Hoje escrevo uma reflexão sobre um acontecimento que envolve uma das questões mais polêmicas da educação na atualidade: a inclusão. Pasmo diariamente sobre quão igualmente maravilhosa e difícil pode ser a tarefa de incluir alunos com necessidades especiais nas aulas! O exemplo pode deixar claro:
L. é uma menina linda, de 4 anos de idade, cujo diagnóstico ainda não é totalmente identificado. Alguns acreditam ser autista leve, outros DM leve, e outros, ainda, não sabem definir nem de longe o que a faz ser assim, notável.
Certas vezes, L. se interessa pelas atividades; outras vezes, a terra molhada parece interessar-lhe bem mais (e que sujeira ela fica quando resolve se interessar pela terra molhada ao invés da aula!). Minha vitória até então sempre foi conseguir fazer com que ela participasse das atividades como os demais, mas às vezes, enquanto a observava correr e brincar, ficava me indagando se aquele movimento faz algum sentido para ela ou se o faz apenas por imitação dos colegas. Se é mesmo uma vitória minha ou um simples conformismo.
Na última aula, arrumei um colchonete para que os pequenos experimentassem (alguns pela primeira vez na vida) a sensação de virar uma cambalhota.
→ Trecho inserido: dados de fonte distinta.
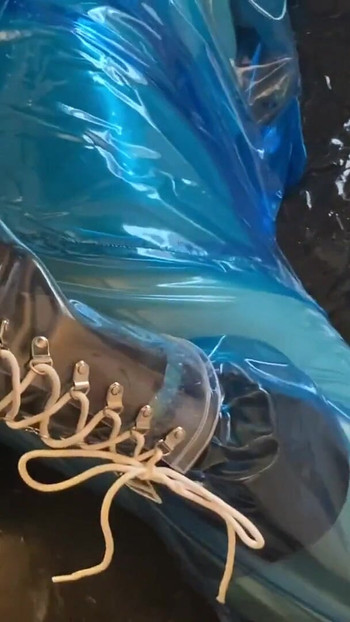 Jaw-dropping moment from "Blue Transparent PVC Plastic Masturbation"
Imaginei por alguns longos minutos se conseguiria fazer com que L. também experimentasse. Para a minha surpresa, ela rapidamente levantou-se e posicionou-se para que eu pudesse ajudá-la. E lá se foi. Ela rolou e deu uma grande e espontânea gargalhada, depois saiu dando muitos pulinhos com as mãos para o alto e um enorme sorriso, como sempre costuma fazer quando está satisfeita. Mais três ou quatro vezes ela repetiu o movimento e também as expressões de alegria. Depois disso, difícil mesmo foi fazê-la entender que os amigos também queriam brincar e que só havia um colchonete para todos!
A cada expressão de alegria dela, meu coração se alegrava também. Naquele dia, me acalmei, porque soube que o mais importante não é compreender o que aquilo significa para ela, mas saber que significa.